3) User A makes changes and saves the data
4) User B, who should have been locked out but was not, makes
changes and
saves his data, overwriting the changes made by User A.
My plan is to minimize the possibility of this type of collision by
having
the minimum possible time between reading a file and resaving it with
ownership. Secondly, I will include some collision detection code
That sort of thing can work quite well in scripted apps. I had to do
a similar thing where the rate of access was very low but it was
nonetheless important that there be no conflict. It worked like this:
1. User A reads directory and if the file is already owned, sleeps a
randomly short time and tries again.
2. On finding the path clear, User A writes a flag asserting
ownership and sleeps a randomly short(er) time.

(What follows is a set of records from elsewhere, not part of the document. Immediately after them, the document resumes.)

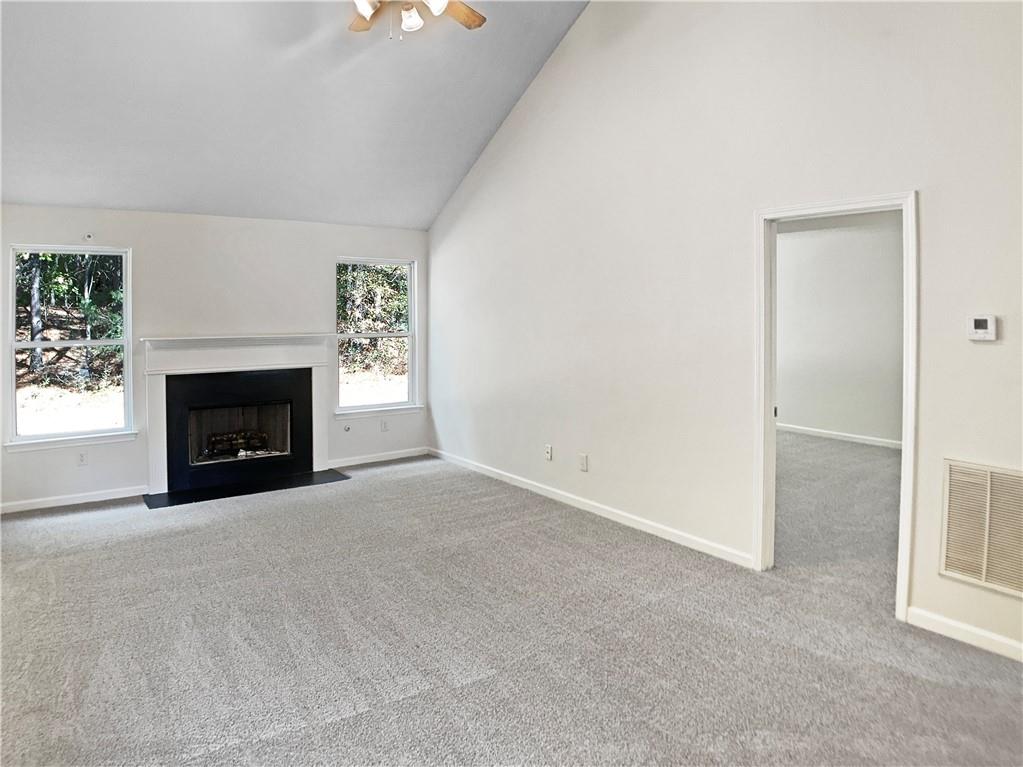 Willingham Manor - Residential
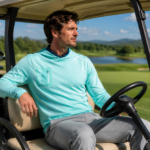FootJoy TempoSeries Sun Hoodie Review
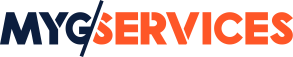 MYG SERVICES Logo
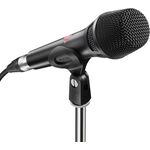 Neumann KMS 104 BK kondenzátor énekmikrofon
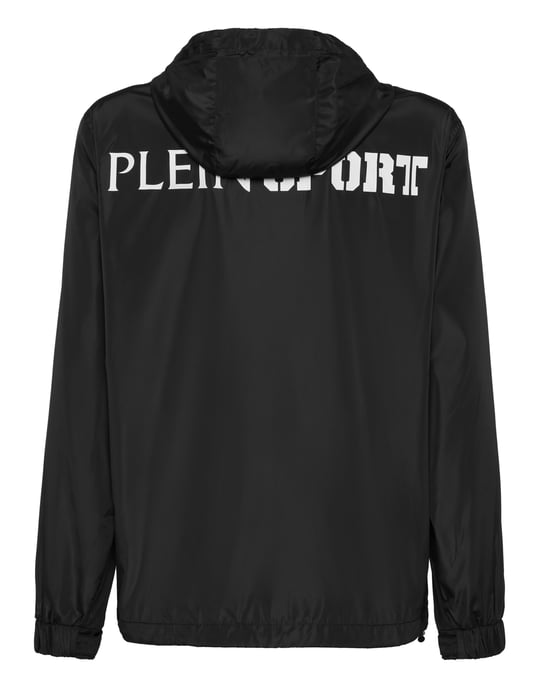 Chaqueta De Nylon Scratch - Image 3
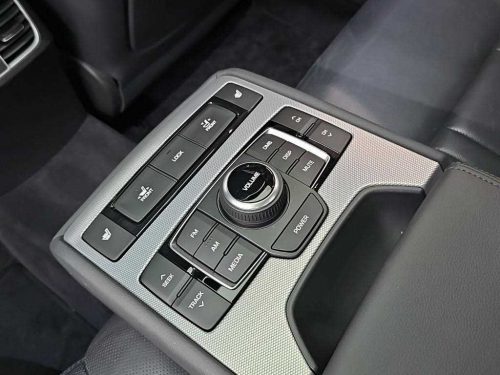 제네시스 G80 3.3 GDI 사진 14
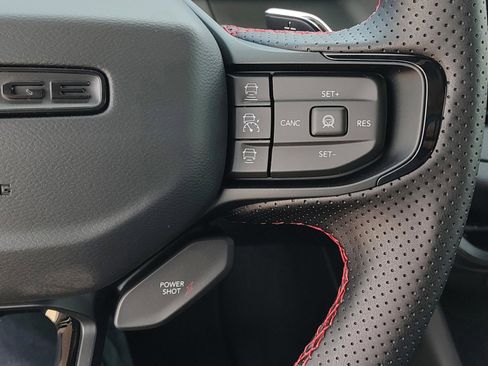 New 2025 Dodge Charger R/T w/ Quick Order Package 25M R/T image 21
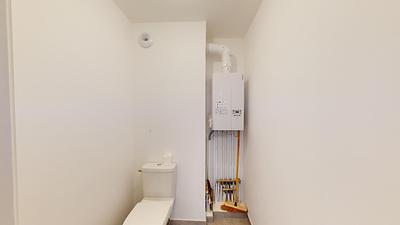 Photo du 21 Rue Des Oseraies, 93230 Romainville, France Romainville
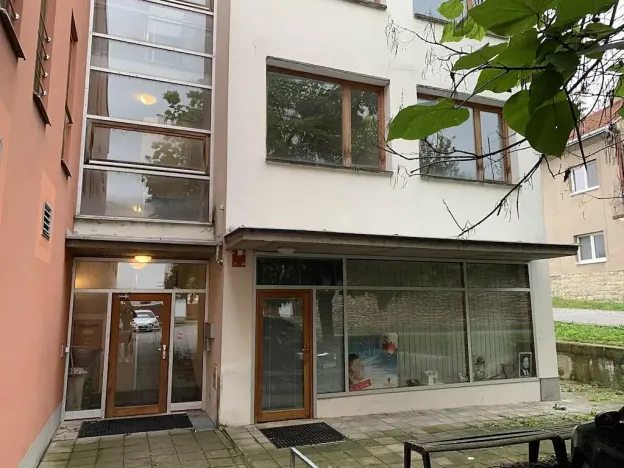 Pronájem bytu 3+kk, Litomyšl, Havlíčkova, 60 m2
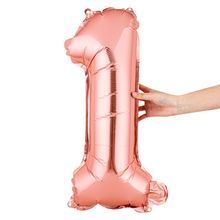 BALLOON NUMBER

3a. On waking again, User A reads the flags and if it is still the
sole owner, sets about its business.
3b. If, on this second awakening, User A finds another owner
contesting (i.e. a race condition slipped through the first check
above) then User A removes their own ownership claim and goes back to
the beginning.
Like I said, this is for low volume stuff but it is "perfectly"
effective in preventing conflicts arising from race conditions while
the random components avoid continuous synchronised failure. Setting
a flag file in the directory should be faster than reading, changing
and writing the content of the main file.